Stored items:
════

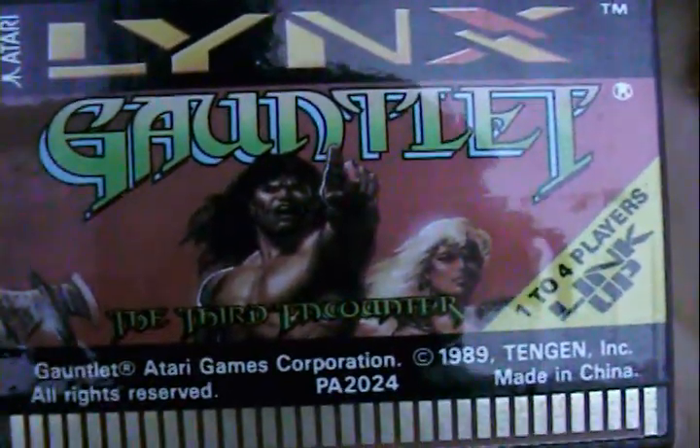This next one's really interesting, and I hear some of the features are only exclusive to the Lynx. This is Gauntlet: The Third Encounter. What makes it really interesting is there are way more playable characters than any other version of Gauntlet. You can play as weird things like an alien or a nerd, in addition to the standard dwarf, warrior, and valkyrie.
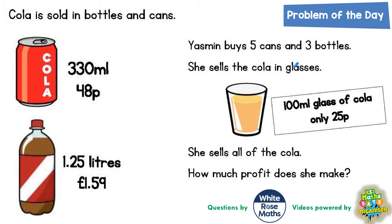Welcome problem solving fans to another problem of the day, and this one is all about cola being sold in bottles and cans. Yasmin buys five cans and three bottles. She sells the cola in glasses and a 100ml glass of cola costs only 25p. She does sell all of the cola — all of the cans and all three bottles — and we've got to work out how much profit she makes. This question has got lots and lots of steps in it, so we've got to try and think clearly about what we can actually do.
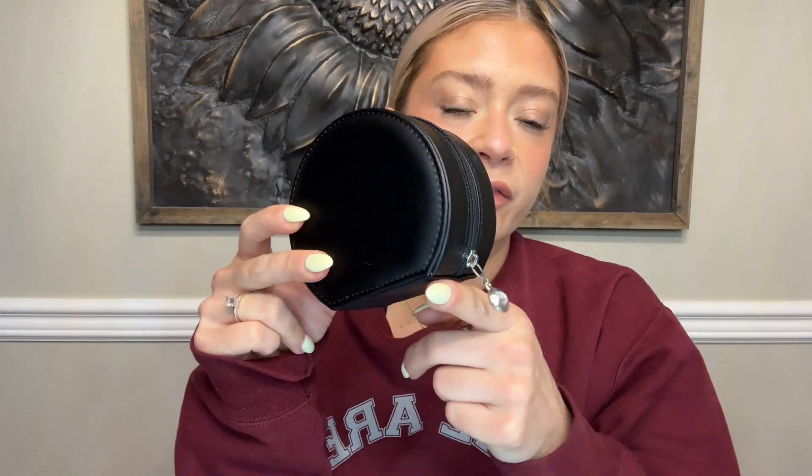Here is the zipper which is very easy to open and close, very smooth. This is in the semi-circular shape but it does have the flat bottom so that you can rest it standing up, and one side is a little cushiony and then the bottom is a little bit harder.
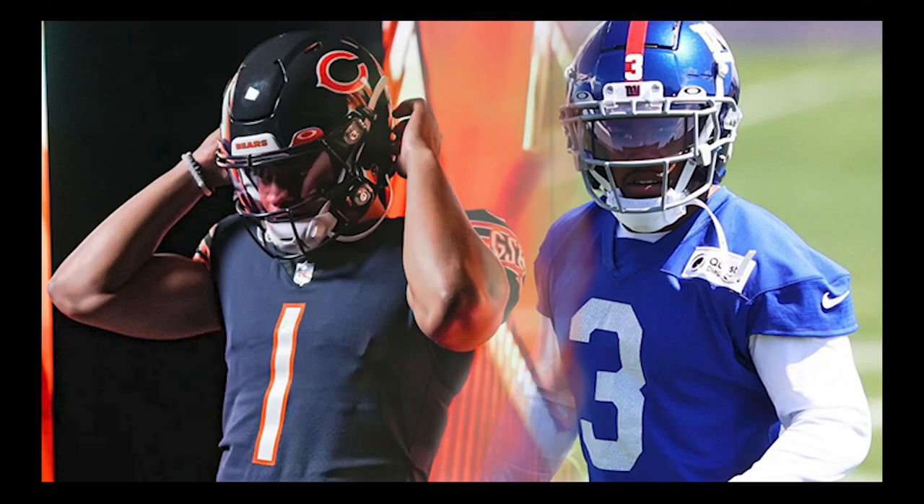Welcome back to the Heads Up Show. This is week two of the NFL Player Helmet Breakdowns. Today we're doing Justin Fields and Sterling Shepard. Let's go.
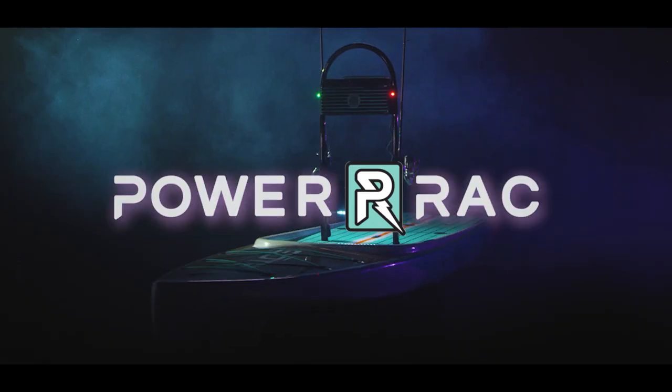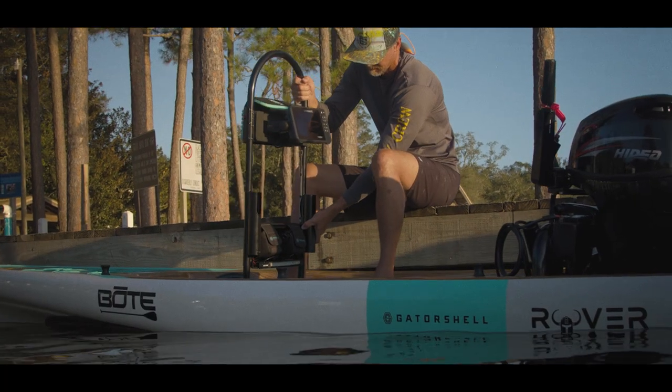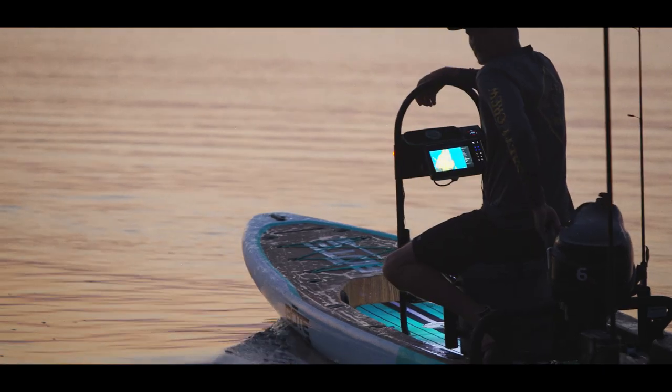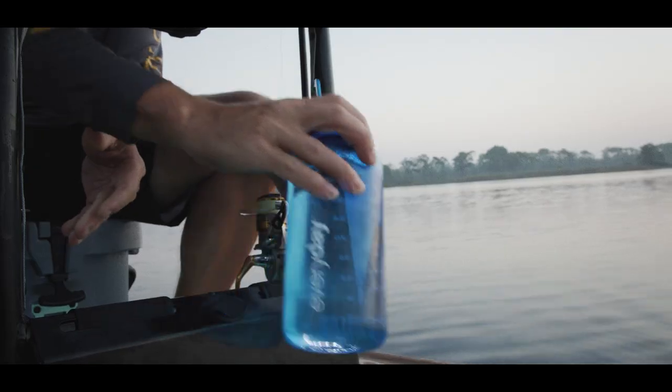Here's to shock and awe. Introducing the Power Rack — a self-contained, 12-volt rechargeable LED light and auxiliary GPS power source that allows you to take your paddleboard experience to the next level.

════

ASSIGNED TASK:
Each entry should come back exactly as written, with its pictures omitted.

COMPLETED EXERCISE:
This next one's really interesting, and I hear some of the features are only exclusive to the Lynx. This is Gauntlet: The Third Encounter. What makes it really interesting is there are way more playable characters than any other version of Gauntlet. You can play as weird things like an alien or a nerd, in addition to the standard dwarf, warrior, and valkyrie.
Welcome problem solving fans to another problem of the day, and this one is all about cola being sold in bottles and cans. Yasmin buys five cans and three bottles. She sells the cola in glasses and a 100ml glass of cola costs only 25p. She does sell all of the cola — all of the cans and all three bottles — and we've got to work out how much profit she makes. This question has got lots and lots of steps in it, so we've got to try and think clearly about what we can actually do.
Here is the zipper which is very easy to open and close, very smooth. This is in the semi-circular shape but it does have the flat bottom so that you can rest it standing up, and one side is a little cushiony and then the bottom is a little bit harder.
Welcome back to the Heads Up Show. This is week two of the NFL Player Helmet Breakdowns. Today we're doing Justin Fields and Sterling Shepard. Let's go.
Here's to shock and awe. Introducing the Power Rack — a self-contained, 12-volt rechargeable LED light and auxiliary GPS power source that allows you to take your paddleboard experience to the next level.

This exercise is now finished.